During the 20 days of storage, the L-glutamic acid concentration of the kefir samples rises. The fennel volatile oil kefir sample had higher glutamic acid content than the control sample, which had a lower level. About kefir samples containing volatile oils, the rise in L-glutamic acid concentration is gradual for the first 10 days of storage before increasing rapidly over the next 10. When compared to the control sample, the level of L-glutamic acid rises more quickly throughout storage.
All four samples of kefir had an increase in acetic acid levels due to storage. The control sample had the greatest acetic acid content throughout all three days of examination, whereas the kefir sample with volatile mint oil had the lowest. About kefir samples containing volatile oils, the increase in acetic acid level is slower during the first 10 days of storage than it is for the control sample, which has an accelerated increase throughout the storage period.
The four varieties of kefir all contain more ethanol after 20 days of storage. The kefir sample with volatile fennel oil has the lowest level of ethanol on day 1 of storage, and the control sample has the highest level. The control sample has the greatest ethanol content on days 10 and 20, while the kefir sample with volatile fennel oil has the lowest. Kefir samples containing volatile oils show a slower increase in ethanol level during the first 10 days of storage compared to the last 10 days of storage. The greatest levels of ethanol concentration were found in the control sample, and during the storage period, the growth accelerated at a faster rate.
The kefir sample with volatile lavender oil has the highest value of the L-lactic acid content on the first day of storage, whereas the kefir sample with volatile mint oil has the lowest value. The control sample has the highest L-lactic acid level on days 10 and 20, whereas the kefir sample with volatile mint oil has the lowest. When it comes to kefir samples that contain volatile oils, the increase in L-lactic acid content happens more slowly during the first 10 days of storage than it does during the final days. For the control sample, it happens more quickly, all during storage time.
5. Conclusions
This research aims to develop functional foods enriched with bioactive compounds. The food product that we decided to enrich with bioactive components is cow’s milk kefir. Volatile oils extracted from lavender, mint, and fennel are excellent sources of nutritive compounds, as they have antimicrobial and antioxidant properties. Due to the fact that volatile oils are very sensitive to the action of external factors, they were encapsulated in a natural polymer matrix (sodium alginate). Finally, three types of kefir with volatile oil capsules were obtained, as well as a kefir control sample.

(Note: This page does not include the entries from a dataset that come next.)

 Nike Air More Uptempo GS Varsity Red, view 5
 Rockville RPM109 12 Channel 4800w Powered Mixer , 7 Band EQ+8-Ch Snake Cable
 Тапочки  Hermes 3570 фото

To highlight, on the one hand, the nutritional intake and the influence of bioactive compounds in the finished product and, on the other hand, the advantages of using encapsulation, the enzymatic analysis of several chemical compounds, were used.

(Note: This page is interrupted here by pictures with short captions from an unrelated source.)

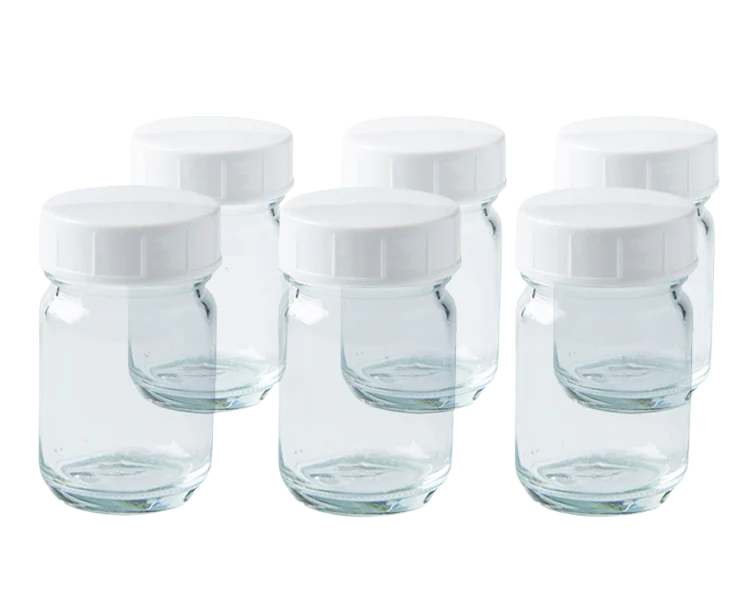 Glazen verfpotje met deksel, 50 ml, Mercurius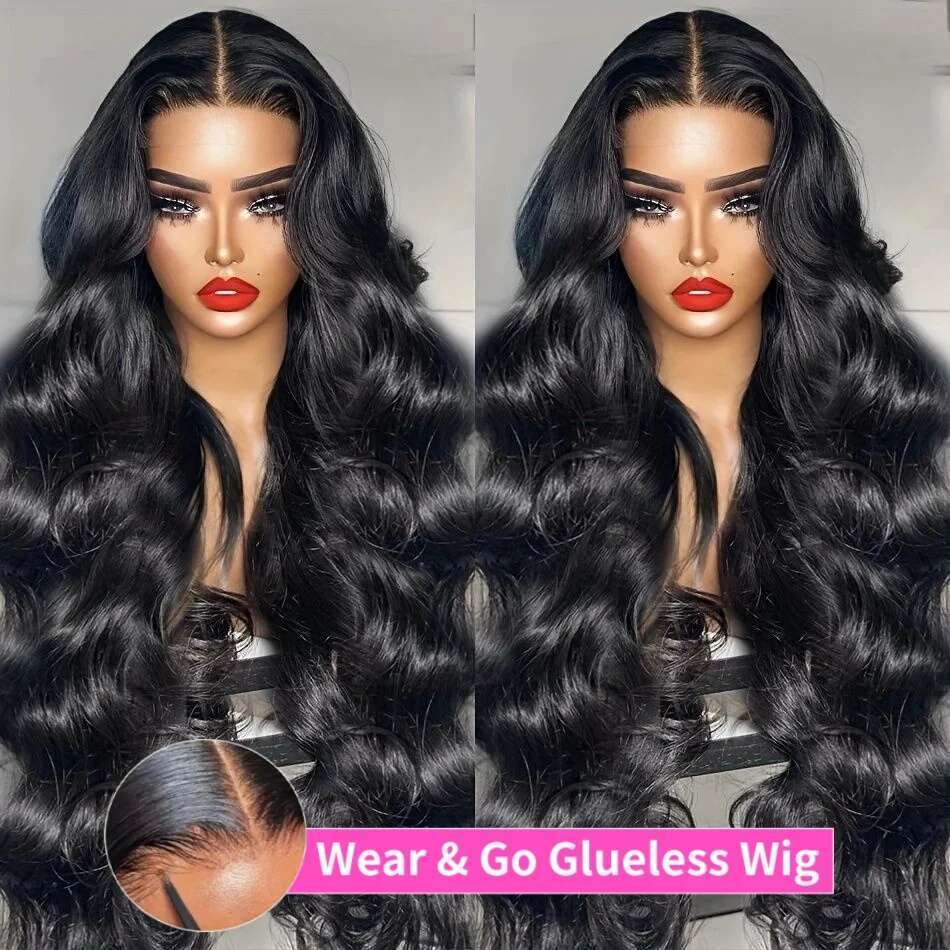 Body Wave Glueless Human Hair Ready To Wear 5x5 Frontal 4x4 Brazilian Closure Wig For Women Lace Front Wigs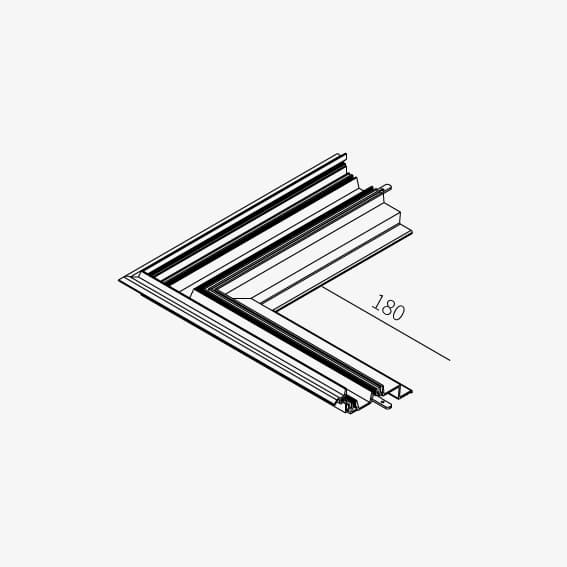 Guide sistema - Piano inclinato 30° per angolo esterno 138mm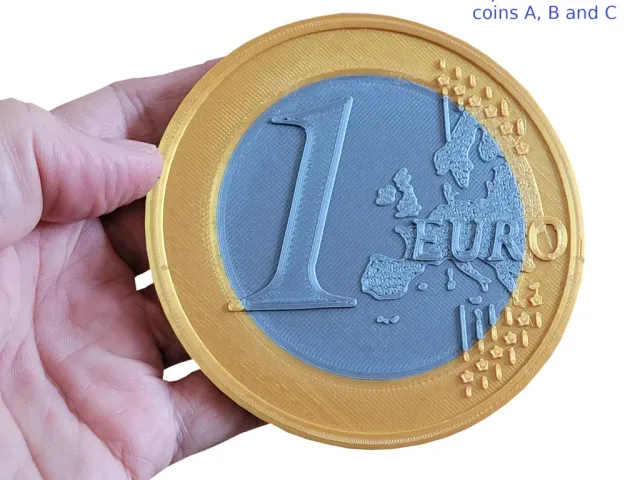 Coin coaster Euro 1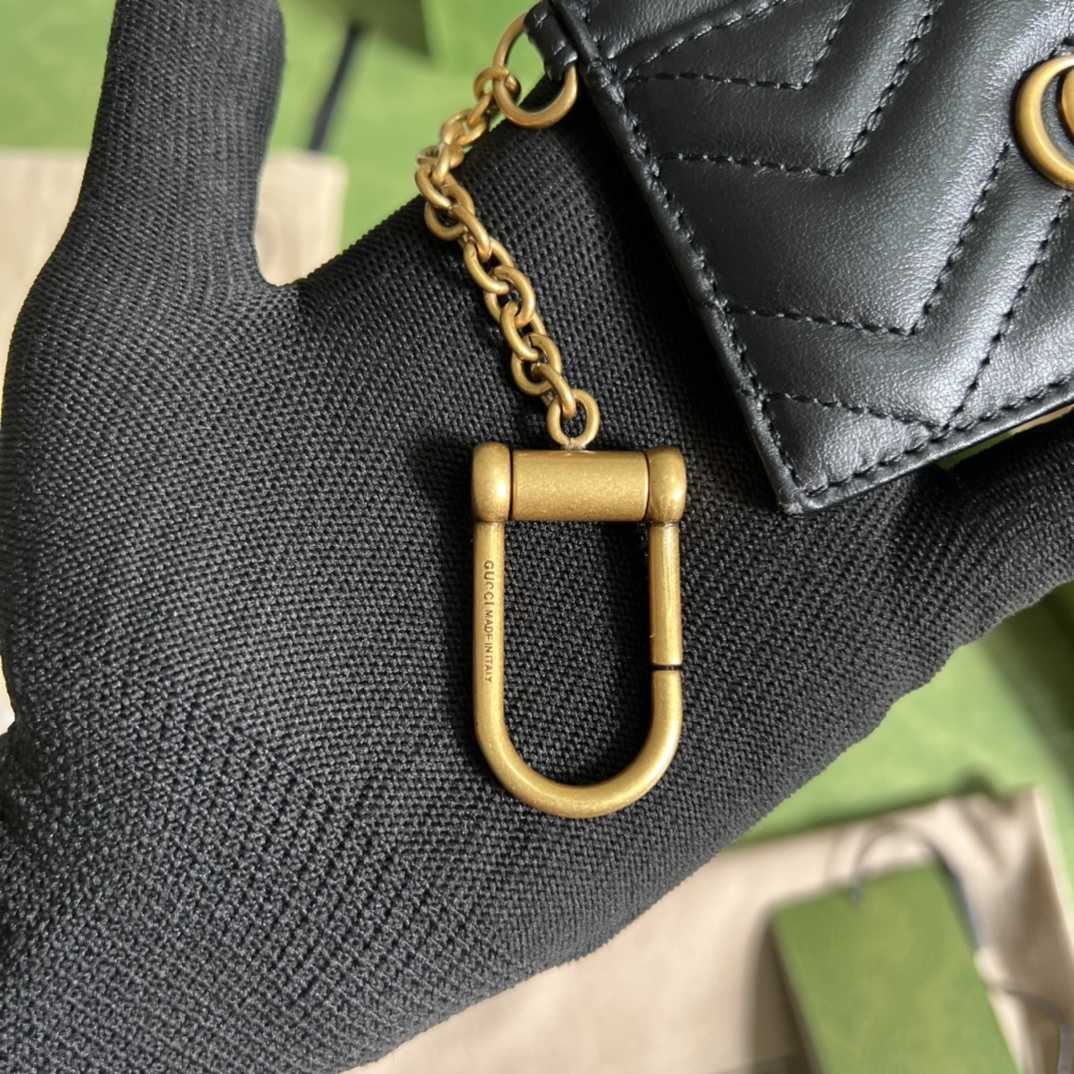Gucci GG Marmont Schlüsselanhänger-Geldbörse (10–7,5–1 cm) - EUR FASHION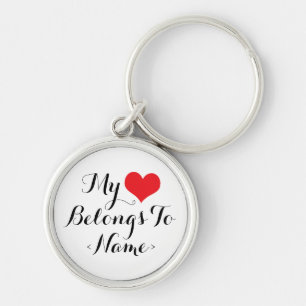 Llavero Personaliza Mi Corazón Pertenece A <Name>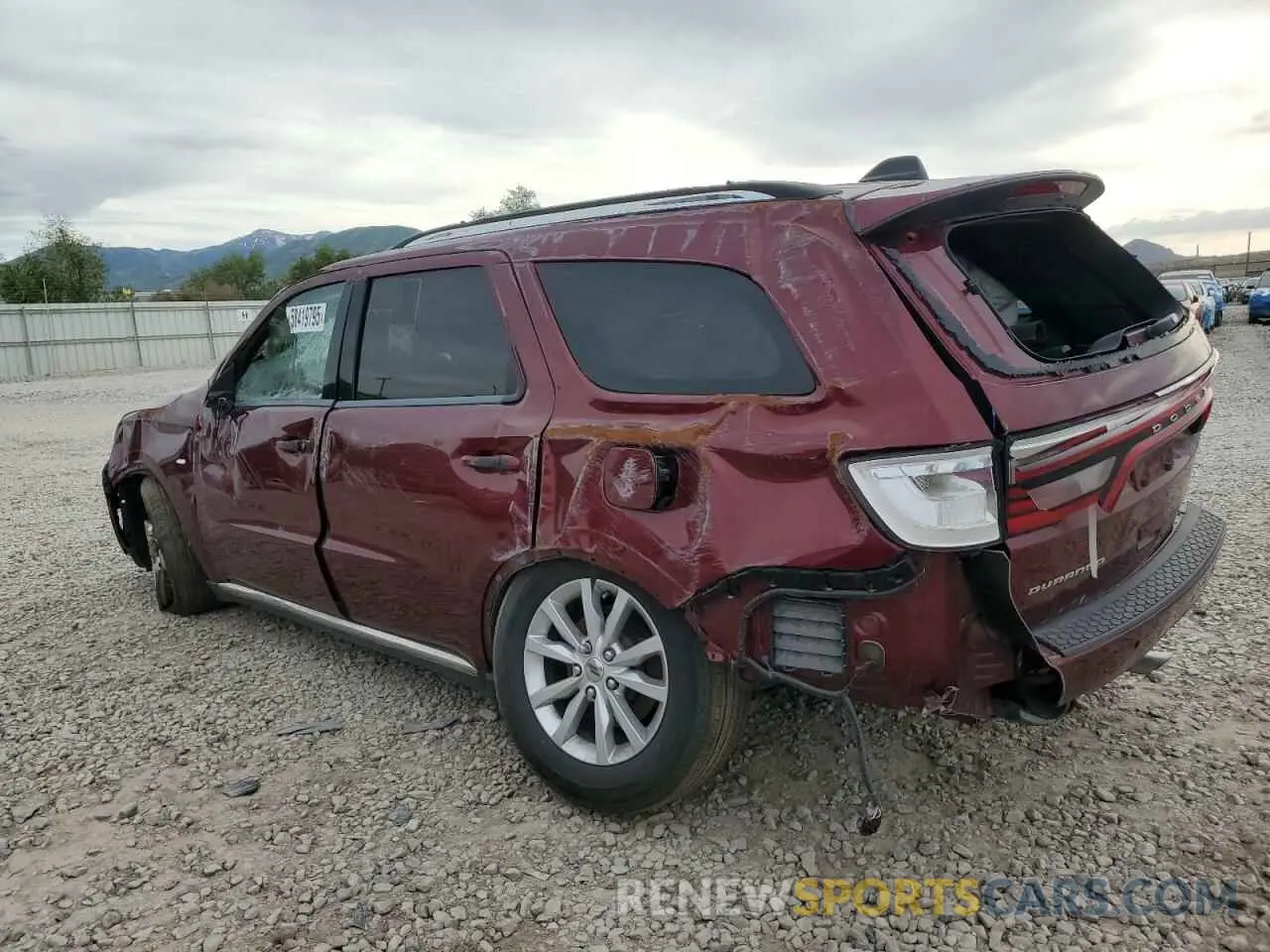 2 Photograph of a damaged car 1C4RDJAGXPC597972 DODGE DURANGO 2023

The kefir samples enriched with volatile oils obtained superior results compared to the control sample during the whole analysis period.

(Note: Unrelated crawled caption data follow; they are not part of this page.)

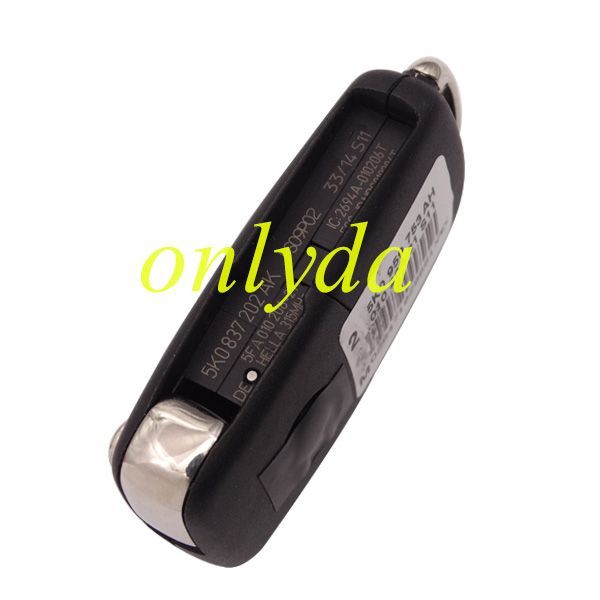 For  VW 3+1 button remote key  with 315 mhz Model Number is 5KO 959 753AH/5KO-837-202AK IC:2694A-010206T FCCID:NBG010206T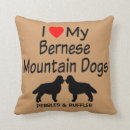 Search for bernese mountain dog pillows Silhouette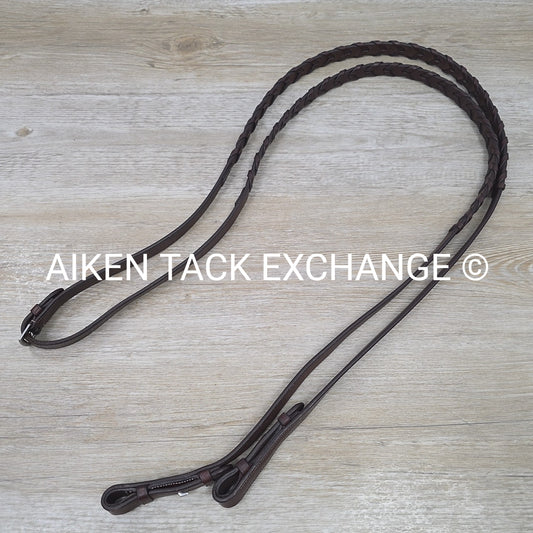 Plain Laced Reins, Brown, 55"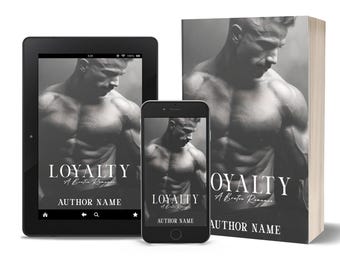 Gritty Black and White Contemporary Romance Premade Ebook Cover | Dark Romance Cover | Book Cover Men | Prepaid Romantic Novel Cover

Encapsulating the volatile oils in the sodium alginate and adding the capsules to kefir resulted in a value-added finished product.
The main advantage of using encapsulation is that the bioactive compounds of the volatile oils are gradually released in the kefir sample due to the protection provided by sodium alginate.
All these aspects show that the obtained products have a high nutritional value, bringing benefits to the health of the consumer. The completed product has a longer shelf life since volatile oils have antibacterial properties.